• [Task requirements]:
Pictures must not appear in the copy. Reproduce exactly, and only, the lines from the one with "Condo in Seminole, Florida, 2" through the end of the data below.

• [Dataset excerpt]:
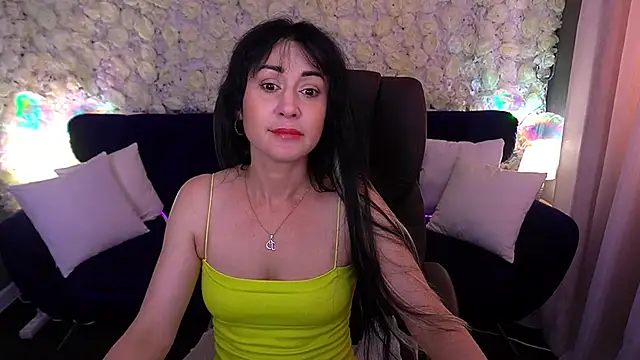 CarolinaaFoxyyy online show from 06-11-26, 12:46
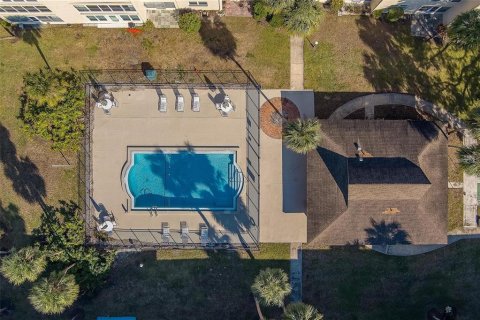 Condo in Seminole, Florida, 2 bedrooms № 2148114 - photo 19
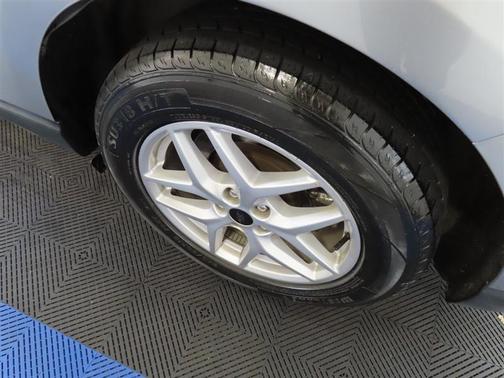 Silver 2023 Ford Edge SEL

• [Exercise output]:
 Condo in Seminole, Florida, 2 bedrooms № 2148114 - photo 19
 Silver 2023 Ford Edge SEL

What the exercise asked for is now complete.